Cadillac Mountain and Goodbye to Acadia

Today’s post is 1425 words, 24 photos, an 8 minute read. Enjoy!

Hi everyone,

This week is the last in a three-part series on Acadia National Park on the coast of Maine. If you missed the first two posts, click here and here.

Come with me to view the sunrise (maybe) on Cadillac Mountain, meet an interesting couple, check out the Bass Harbor Light Station, and bid a fond farewell to Acadia, complete with another detour to an auto repair shop.

Cadillac Mountain

I’ve read a lot about seeing the sunrise from atop Cadillac Mountain in Acadia National Park. At over 1500 feet above sea level, Cadillac is known as the first place in the U.S. that the sun touches as it peaks over the eastern horizon. This is partially true depending on the angle of the sun. In the summer months, when the sun  rises further to the north, there are points to the northeast of Cadillac Mountain that first see the sun. However for about six months of the year (October-March), it’s a good story and I’m told, a great view.

Visitors to Cadillac Mountain are required to make a vehicle reservation online from the end of May to the end of October for a designated entry time. At the time of the reservation, visitors pay a fee of $6.00 USD online. No passes are available at the park. Plus all entrants must show a valid park entrance pass. For us, that was our Senior Pass.

The tricky part is that the vehicle reservations are only available three days prior to the expected date of your visit. The earliest entry time is 4:00 AM, that’s enough time to reach the top of the mountain, find a parking spot, and score a nice place to view the sunrise. That was my goal but when I got online, all the early slots were filled. The sun would rise that day at 4:48 AM Eastern Daylight Time. After a couple of seconds of grumpy whining, I snagged a 6:00 AM entry time. Not great but it would have to do. Beside that it was on our last day in the park. I should mention that when all the reservation slots are filled, entry to Cadillac Mountain is closed.

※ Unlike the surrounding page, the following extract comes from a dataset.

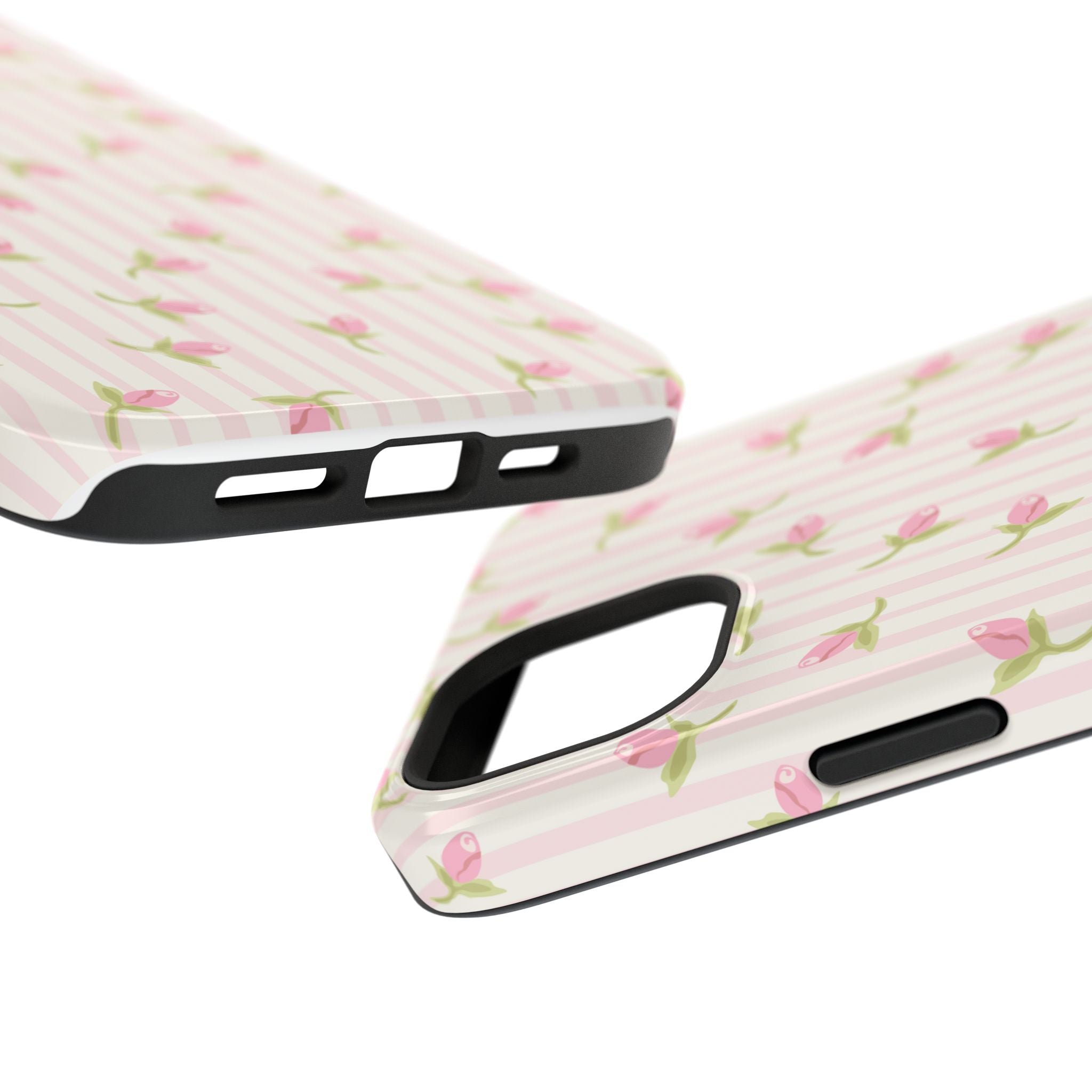 Customizable: Floral Impact-Resistant Phone Case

On the day of our reservation, we were up before 5:00 AM to make a pot of coffee and be ready to leave our lodging at 5:30 for the half hour drive to the Cadillac Mountain entrance station. When I peeked outside, it was still dark with a layer of thick fog. Maybe it would burn off by the time we reached summit. Our fingers were crossed.

We reached the entry station at precisely 6:00 AM. There were no lines, I showed the attendant the QR code on my phone and my senior pass. As we drove the road to the summit, the fog held on, our aim to see the view was dashed. There were only a few cars in the parking lot. My guess is that most people with early slots looked out the window at 3:00 AM and decided to go back to bed or they made the drive and left early.

Here’s what we saw:

This is what we expected to see!

Yes, it was foggy, the air was thick and damp. Heavy dew covered the leaves, even the cobwebs.

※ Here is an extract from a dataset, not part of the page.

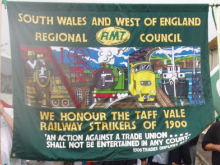 RMT banner honour the Taff Vale strikers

We decided to make the best of the situation. We walked over to the ranger station and gift shop where we stamped our National Parks Passport. We checked out the kiosk that showed some of the walking and hiking trails.

We walked some of the trails near the parking lot, being careful not to slip on the damp rocks. Erosion and volcanic activity over millions of years exposed the granite, bringing the colorful stone to the earth’s surface.

That geologic action created some beautiful patterns, lines, and textures in the rock.

I am amazed how hard the flora on the mountain has to work to survive the harsh conditions. The plants and trees seem to hang on by just a few roots that find their way in the cracks between the granite. Note the bend in the trees in the photos below, likely from the howling prevailing winds. There was no wind the morning of  our visit allowing the fog to stick around.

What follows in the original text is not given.